January 5, 2011

Why Blogs Die

“There’s never an egg timer around when you need one.” ~The American President

Last September I wrote about professional blog projects. I suggested that they are often conceived to keep up with proverbial Joneses, and also that they are doomed to failure absent careful planning and consideration. I was not wrong, but I understand the problem better this week. Blogs die for the very same reason they are born: it’s so easy.

In his new book Cognitive Surplus, Clay Shirky begins by laying out a simple, captivating summary of the history of American book publishing—one I’d have been glad to have at my disposal during my History of the Book course. To introduce the larger context of his argument, Shirky frames publishing in economic terms. Pre-Gutenberg, books were prohibitively expensive to reproduce in volume. Post-Gutenberg, the folks who owned the means of production still had such a sizable burden to shoulder that their job became a matter of both selecting and producing written texts for readers (not to mention promoting said works to said audiences). This is, needless to say, no longer the case in the world of new media Shirky shepherds us through in his (excellent) book.

Both the beauty and the curse of a blog project in its infancy is the lack of accountability. The barriers to “entry,” or publishing, do not include the time and expense of a print publisher or even the US Postal Service. These are accountability measures, with their own inherent deadlines, that we set up for ourselves in professional budgets to bind ourselves to the organizational mailings of old. We could be pushed through our own hoops by the beneficial entrapments we set up for ourselves by saying, “Let’s do a newsletter,” and then carrying out the various stages of that process. Blogging requires no such advance planning. Though, as I continue to believe, it would be all the better for it.

Blogging also confuses the lines between production and promotion for staff who think it's just a matter of pixilating a newsletter. Organizations can fall prey to thinking the two are similar simply because a blog is online, and that, “If you build it, they will come.” Organizational blogging may have to be a team effort, and the voice of the author--whether co-created or not--might be separate from the voice of the promoter. (Hint: This is also true of print, but somehow it doesn't cause as much confusion in the print medium.)

As expected, the would-be bloggers I cautioned not to promote themselves before producing a certain amount of content have been dormant for a number of months. But since I am not here to complain, I will offer a solution as opposed to an I Told You So.

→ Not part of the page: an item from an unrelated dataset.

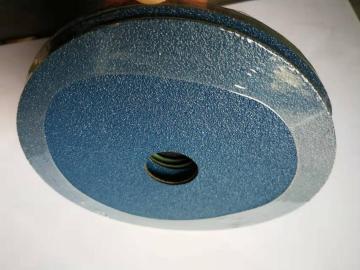 Resin Fiber Disc Abrasive Disc for Polishing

Why blogs die is not the same as why blogs fail. I do not even know if a blog can fail, but anything is possible. Blogs are easily born, but even more easily reborn. As once proven here, a blog can be resurrected with very little initial effort, in terms of the technology. A project team need only revisit its original goals, division of labor, timeline, and promotional strategy to live again in the blogosphere. Whether it’s your own blog or someone else’s, think of the new year as a time to reboot. Keep blogging.